The following can be simulated in a server with N threads. Alternatively, it can be done in a distributed fashion, either in a controlled data center environment, or in a permissionless environment. As we move from a single server to a data center to a permissionless network we can expect more participants/total parallelization capacity, at the cost of higher latency and complexity.

High level overview

  • We have a coordinator and N workers
  • Coordinator is responsible for distributing workload across workers
  • Workers are responsible for computing base and internal case
  • Workers process the base level folds in parallel in chunks of two
  • Once a worker is done, it signals this to the coordinator
  • When two adjacent base nodes are computed, these are merged
  • This goes on until we get to the root of the tree

In more detail

In cases where we don't have \(2^n\) steps, we can either pad the tree, or we can "skip" the computation and compute it at two levels above (this is due to elliptic curve cycles).

A base level computation involves three folds - aggregated, primary and secondary circuit.

The three folds of the par case are folding the left running instance with the left new instance, that for the right and then folding the result of those two folds.

This merges two nodes where each node has a running instance and new instance.

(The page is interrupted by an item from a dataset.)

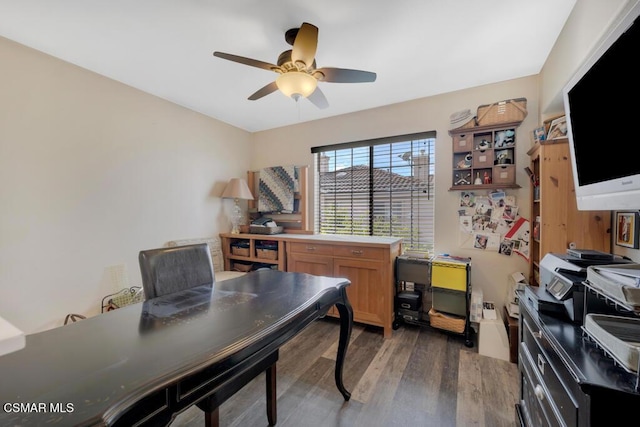 office space with ceiling fan and dark hardwood / wood-style floors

At the very top of the tree a CompressedSNARK is generated, either by the coordinator or the first available worker.

If we have N execution steps and N workers, we can roughly expect the following overhead:

  • Coordinator sends load to N workers with some latency L
  • For simplicity we assume same overhead for every coordinaton step
  • Each worker performs \(\frac{1}{N}\) of the work, times overhead
  • A worker computes \(3\) folds
  • Coordinator sends and receives folds ~\(2 \times L\)
  • For base layer we have: \(6 \times L\)
  • For intermediate steps, we have similar overhead
  • We have a binary tree so a total of \(\log(N)\) steps
  • We get \(6 \times \log{N} \times L\) or \(O(\log{N} \times L)\)
  • We can compare with sequential case which is \(O(N)\)

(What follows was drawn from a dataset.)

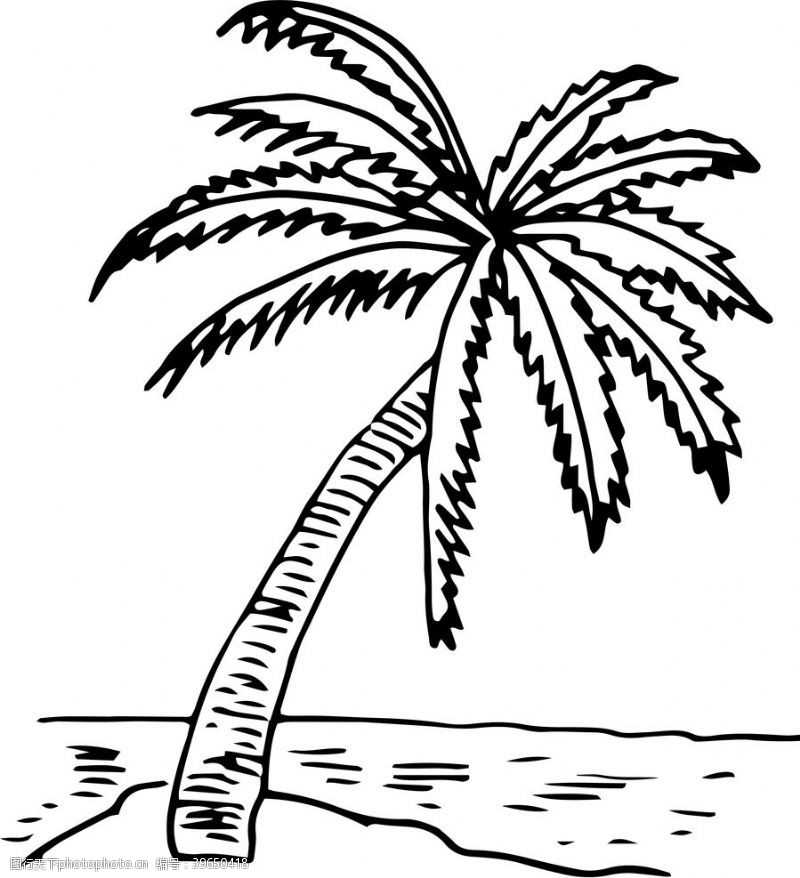 遮阳伞椰树图片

If \(L\) is high, we lose a lot of the benefits of parallelization. Also note that for the sequential case, a lot of MSM operations can be performed in a multi-threaded environment (powerful server).

To reduce load on coordinator we can also send this to predefined worker, assuming equal load. For example, worker 2 could send its result to worker 1, etc. This assumes that (i) workers are reliable (ii) each worker finishes in about the same time.

Also note that we change field for each level in the tree, which may incur extra overhead.